Attributed to Angelino Medoro, Postumous portrait of Saint Rose of Lima, early 17th century (possibly 1617), 26 x15 cm, oil on canvas, Lima, Convento Máximo de Nuestra Señora del Rosario, also called Convento de Santo Domingo. Photo © Raphaèle Preisinger

This subproject investigates the role of images in three successful canonization campaigns of saints related to the Viceroyalty of Peru. The focus is primarily on Santa Rosa de Lima (1586-1617), the first canonized saint of the Americas. A comparative approach is chosen, which allows to also examine the processes of Santo Toribio de Mogrovejo (1538-1606) and San Francisco Solano (1549-1610). Through these three cases, the subproject examines the colonial society that for more than six decades witnessed and shaped the sainthood of these figures. In the Viceroyalty of Peru, the period between 1538 and 1617 was one marked by amplified evangelization at the hands of missionaries, such as Solano, whose presence and teachings marked the boundaries of Catholicism, which faced resistance by Andean peoples.

Lima (Los Reyes) was the capital of the Viceroyalty of Peru that governed a large part of South America. It became the setting for the construction of an ideal government, both temporal and spiritual. The three saints were active in Lima in the century after the city was founded. They embodied the period’s conceptions of sanctity and religious virtue. Saint Rose of Lima was a pious lay woman who joined the Order of Saint Dominic as a tertiary. She led a severe and secluded life filled with mysticism and penance. Saint Toribio de Mogrovejo was the second Archbishop of Lima and organizer of the Peruvian Church. He visited his entire diocese several times and baptized and confirmed an estimated half a million people, among them Saint Rose. San Francisco Solano was a Franciscan missionary and preacher. It is traditionally said that he had the “gift of tongues”, and due to his miracles, he was called the “wonder-worker of the New World”.

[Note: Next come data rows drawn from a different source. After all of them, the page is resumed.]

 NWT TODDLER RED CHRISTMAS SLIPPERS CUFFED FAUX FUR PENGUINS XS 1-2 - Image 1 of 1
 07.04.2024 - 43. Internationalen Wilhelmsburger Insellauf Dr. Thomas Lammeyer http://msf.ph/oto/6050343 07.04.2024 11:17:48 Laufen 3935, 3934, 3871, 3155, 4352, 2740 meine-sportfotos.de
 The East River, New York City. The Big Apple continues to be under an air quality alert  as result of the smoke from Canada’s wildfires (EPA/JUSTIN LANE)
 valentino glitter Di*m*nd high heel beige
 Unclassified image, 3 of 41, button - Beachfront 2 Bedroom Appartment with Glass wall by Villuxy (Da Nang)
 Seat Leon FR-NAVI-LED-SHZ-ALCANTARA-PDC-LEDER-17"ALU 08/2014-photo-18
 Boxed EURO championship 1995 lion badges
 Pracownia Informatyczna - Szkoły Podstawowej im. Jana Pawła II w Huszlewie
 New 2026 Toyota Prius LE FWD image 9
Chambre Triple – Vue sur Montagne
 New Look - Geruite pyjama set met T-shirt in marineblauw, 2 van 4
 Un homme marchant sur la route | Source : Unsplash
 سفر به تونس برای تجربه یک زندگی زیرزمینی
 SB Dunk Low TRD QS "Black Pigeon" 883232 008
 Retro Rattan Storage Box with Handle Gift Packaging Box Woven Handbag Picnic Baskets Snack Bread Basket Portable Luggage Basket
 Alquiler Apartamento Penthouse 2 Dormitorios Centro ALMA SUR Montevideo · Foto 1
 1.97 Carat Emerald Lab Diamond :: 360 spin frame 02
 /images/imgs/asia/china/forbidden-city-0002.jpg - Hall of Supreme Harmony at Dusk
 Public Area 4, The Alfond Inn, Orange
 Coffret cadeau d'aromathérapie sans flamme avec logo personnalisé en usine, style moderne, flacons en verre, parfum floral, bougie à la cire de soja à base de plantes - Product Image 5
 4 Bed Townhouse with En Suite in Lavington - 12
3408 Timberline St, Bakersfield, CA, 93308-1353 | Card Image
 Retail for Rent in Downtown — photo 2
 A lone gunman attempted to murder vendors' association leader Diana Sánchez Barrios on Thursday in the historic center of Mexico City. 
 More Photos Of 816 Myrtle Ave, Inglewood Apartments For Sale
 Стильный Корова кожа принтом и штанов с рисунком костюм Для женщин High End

Their causes of beatification and subsequent canonization reflect a dynamic process of negotiation between Lima and Rome over locally formulated saintly personae. This negotiation culminated in acceptance of these three into the ranks of the saints by the Roman Curia. Accordingly, this project examines the iconographical construction of sanctity in relation to the three Limeños as it was subject to changes and continuities brought about by the negotiation of sanctity between the viceregal capital and the Eternal City.